Executives from Office Depot, certification and consulting company DEKRA, World Resources Institute, Goodyear Tire & Rubber and others are leading a sustainable purchasing organization — slated to launch this summer — that aims to leverage the trillions of dollars spent by large organizations to drive environmental, economic and social sustainability.
The Sustainable Purchasing Council (SPC) says it will help institutional buyers incorporate sustainability in procurement decisions through a shared platform that guides, measures and recognizes leadership in sustainable purchasing, similar to the US Green Building Council’s LEED program.
SPC says its guidance will help organizations identify and reduce hidden costs associated with unnecessary waste and risk. It will also help organizations identify environmentally responsible actions that produce a return on investment by adding business value.

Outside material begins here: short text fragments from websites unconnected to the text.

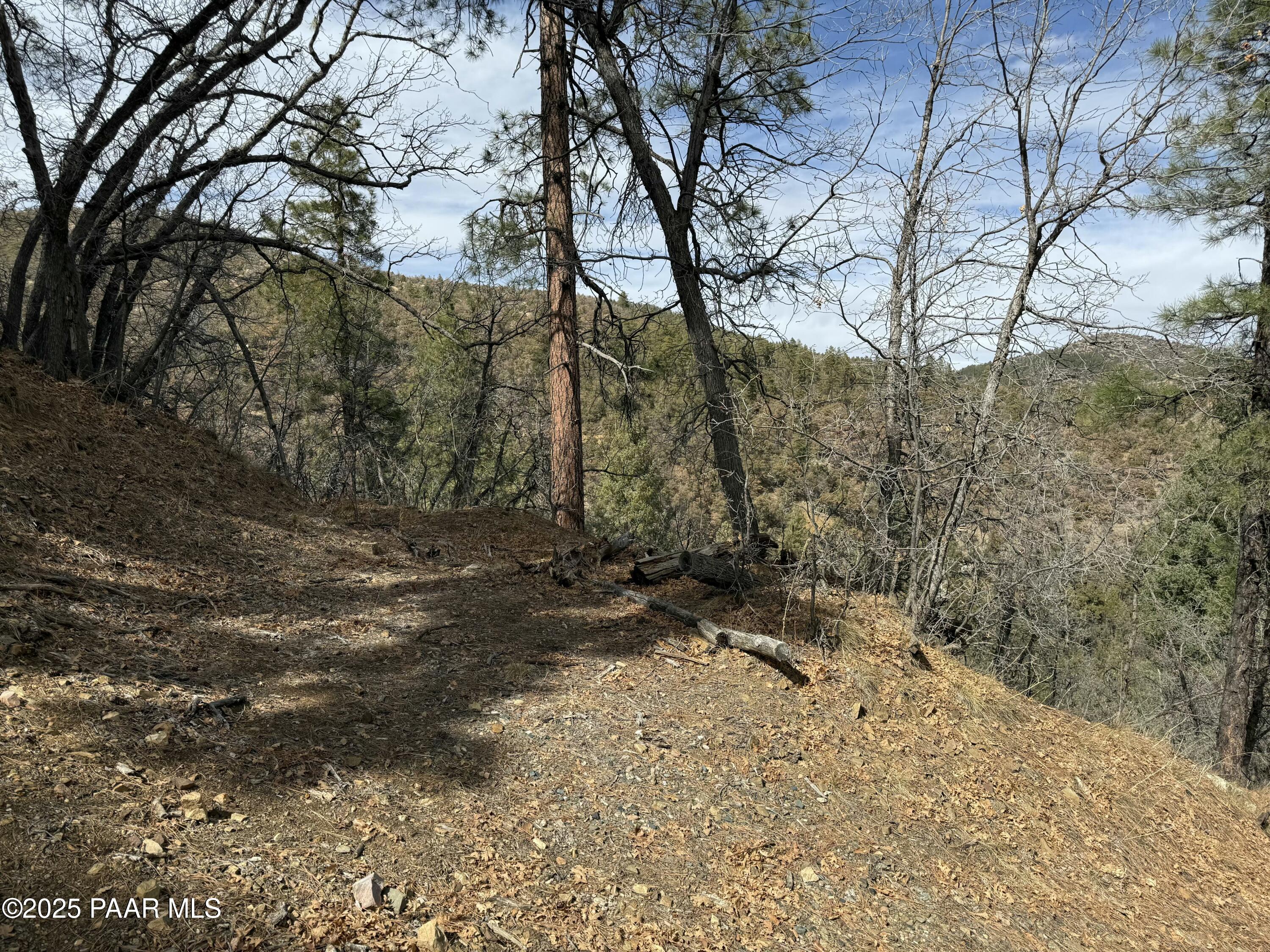 848 South X S Mountain View Road Mayer, AZ 86333 - Photo 6 of 20 a view of a yard with trees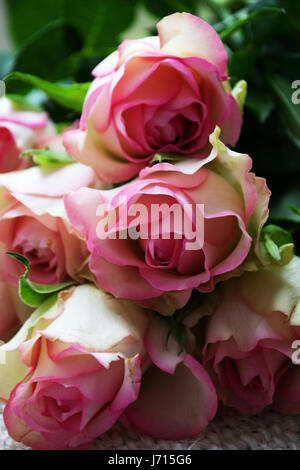 Close-up Rose blüht immer noch in der Knospe Stockfoto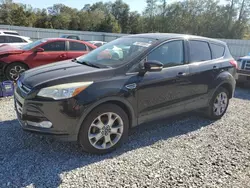 Salvage cars for sale at Augusta, GA auction: 2013 Ford Escape SEL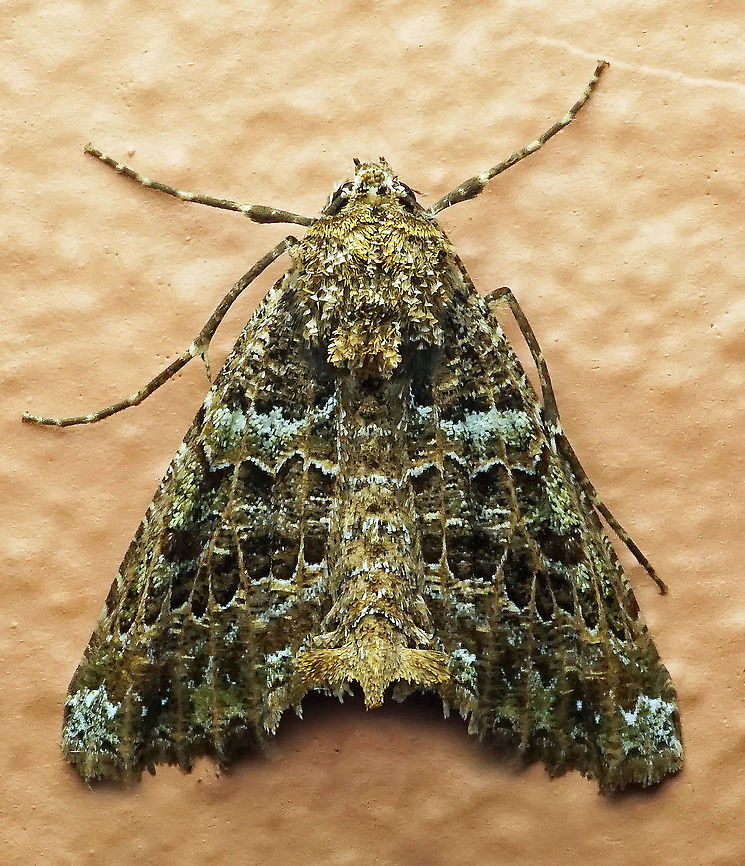 #261 Dapa, Valle Del Cauca 2100m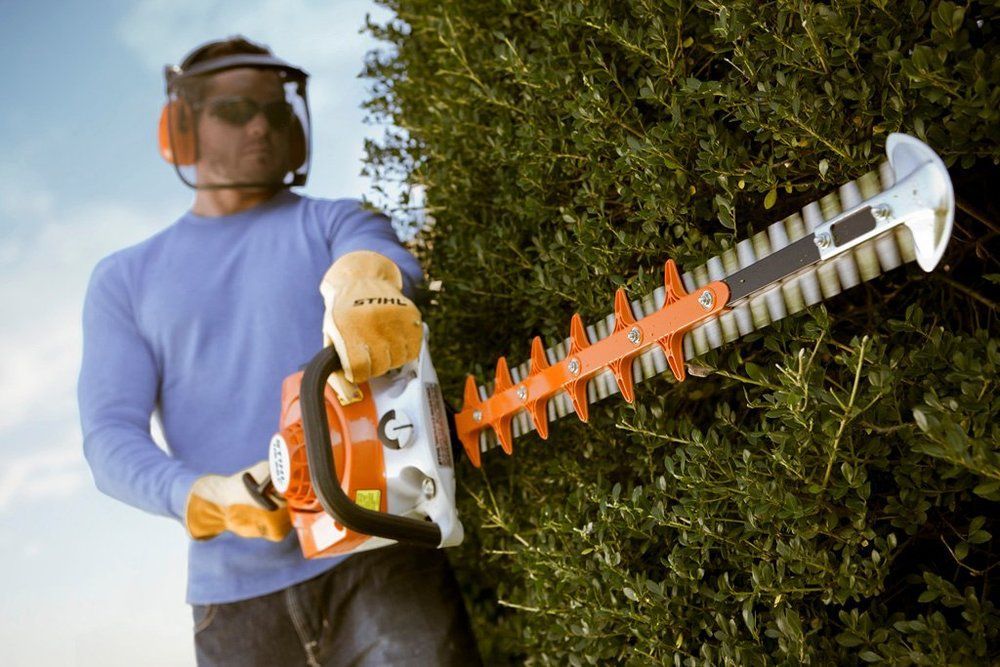 Person wearing safety gear using a hedge trimmer on a green bush.
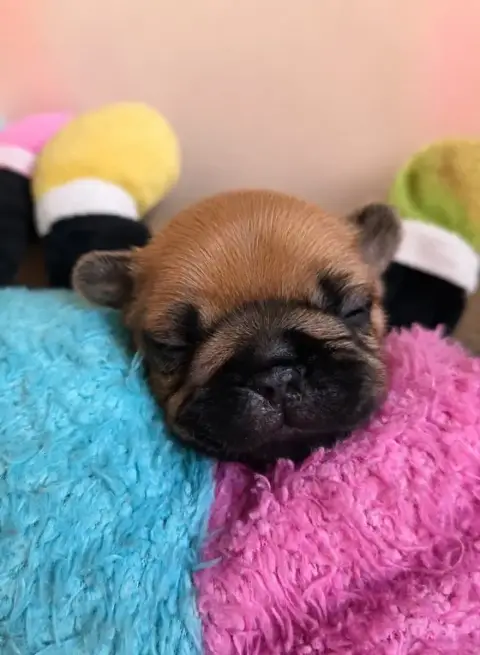 Bouledogue Français  Chiot N°1 De La Riviere De Sunny c1682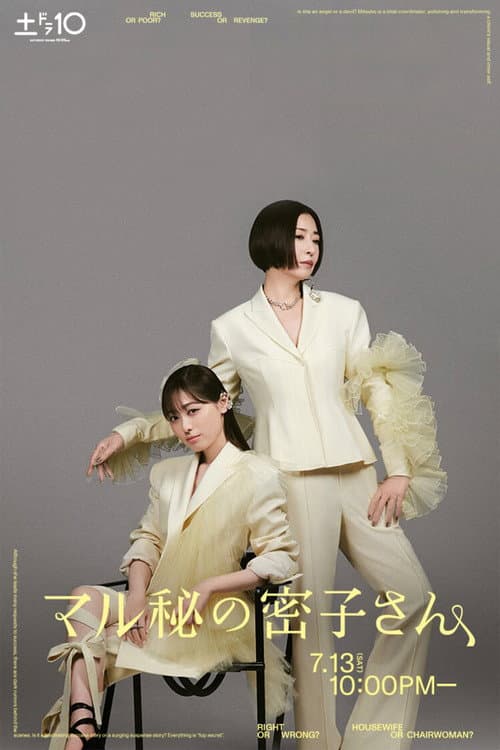 マル秘の密子さん afişi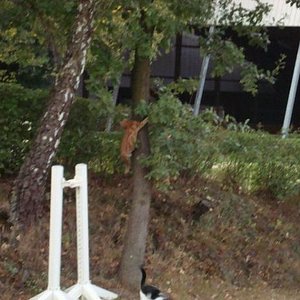 letzten sommer, die ersten kletterversuche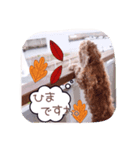 さんちゃんの休日（個別スタンプ：2）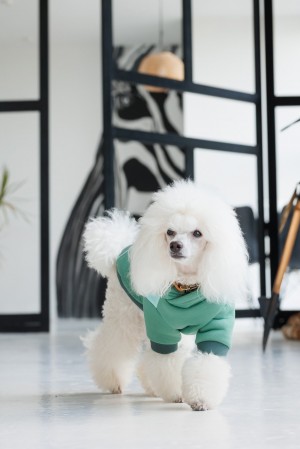 ��� Pet Fashion Woody ��� ����� ����� XS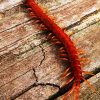 Red centipede crawling on wood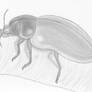 Skeeter Beetle Pencil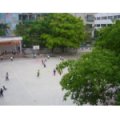 惠州市下埔小学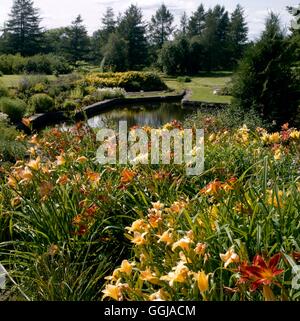 Jardin botanique de Tallinn - Estonie DGN088059 Banque D'Images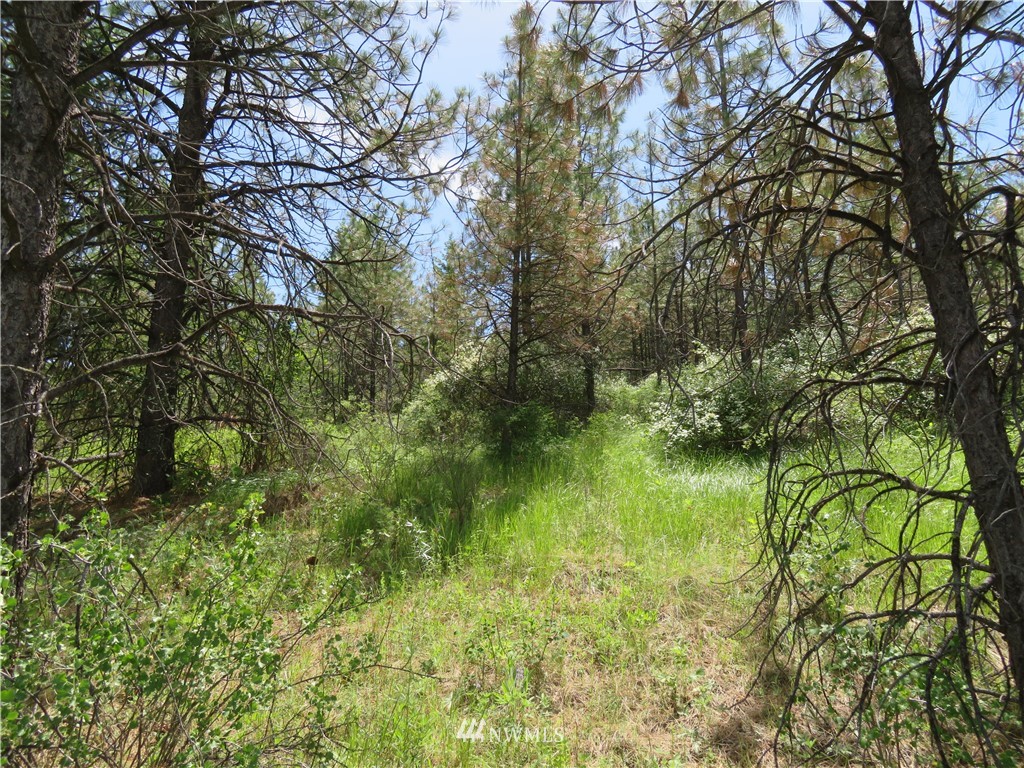 3 Boulder Creek Road Curlew, WA 99118 - Photo 7 of 22 Gallery Image 7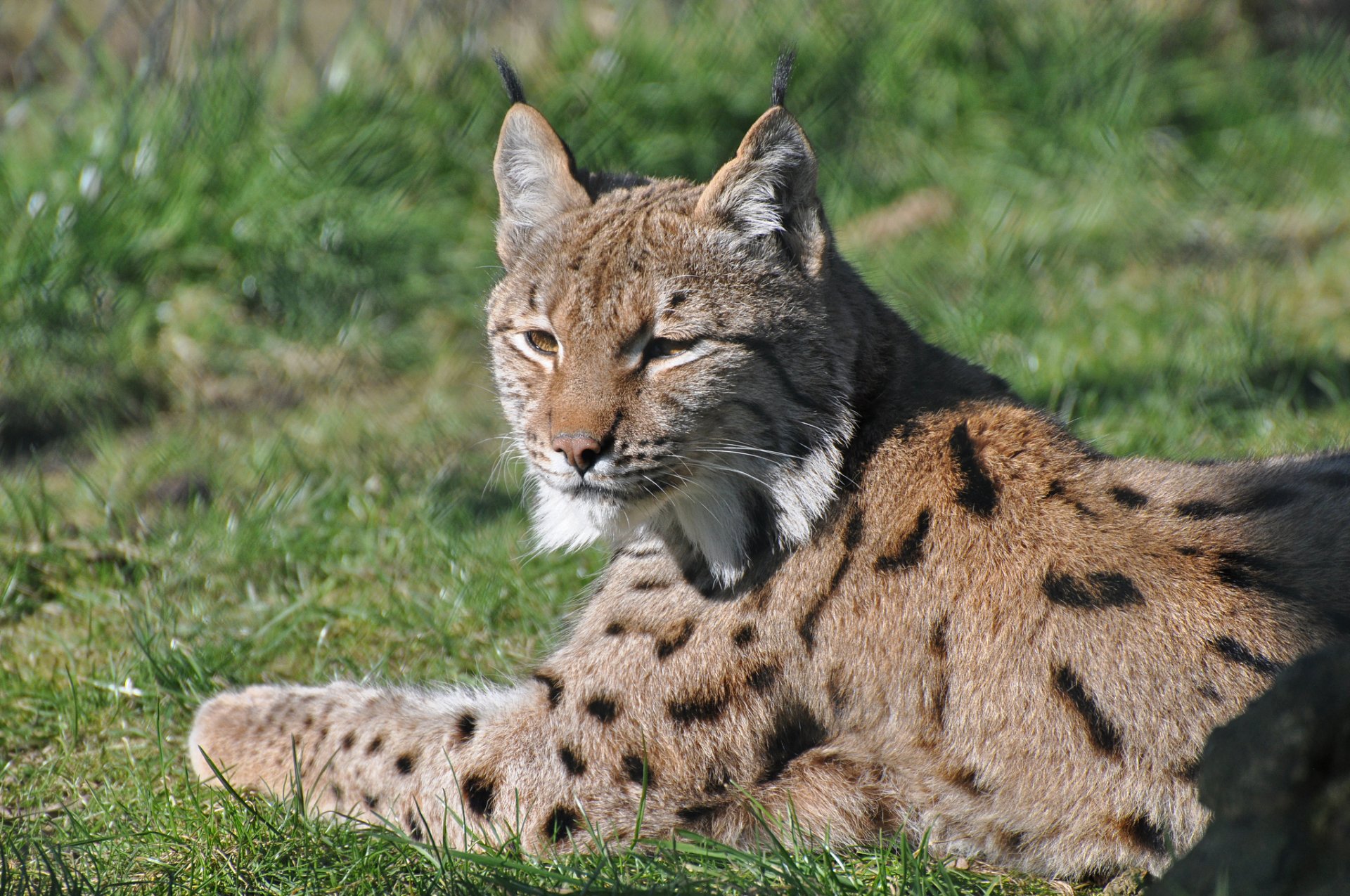 lince riposo muso predatore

The group’s steering committee includes representatives from DEKRA, Office Depot, World Resources Institute, Goodyear, American University, the National Association of State Procurement Officials, UL Environment and the US Department of Energy.
The council, which is currently recruiting members that buy, supply or advise in the institutional procurement marketplace, will launch via a June 19 webcast, followed by a Founding Summit July 22-23 in Washington, DC.
Within 12 months of its launch, the SPC says it will provide members guidance on spend-related impact assessment methodology that includes training, tools and services. Its two-year goals include an application programming interface (API) that will allow eProcurement, enterprise resource planning and other software vendors to display SPC guidance within their tools and a pilot-ready version of its sustainable purchasing rating system.
The SPC says it will use a technical advisory process to assess and select the best scientific guidance available, and will put out a call for new guidance to be developed where guidance is found to be lacking, similar to the way USGBC uses technical advisory groups to review and select the best available guidance for green building.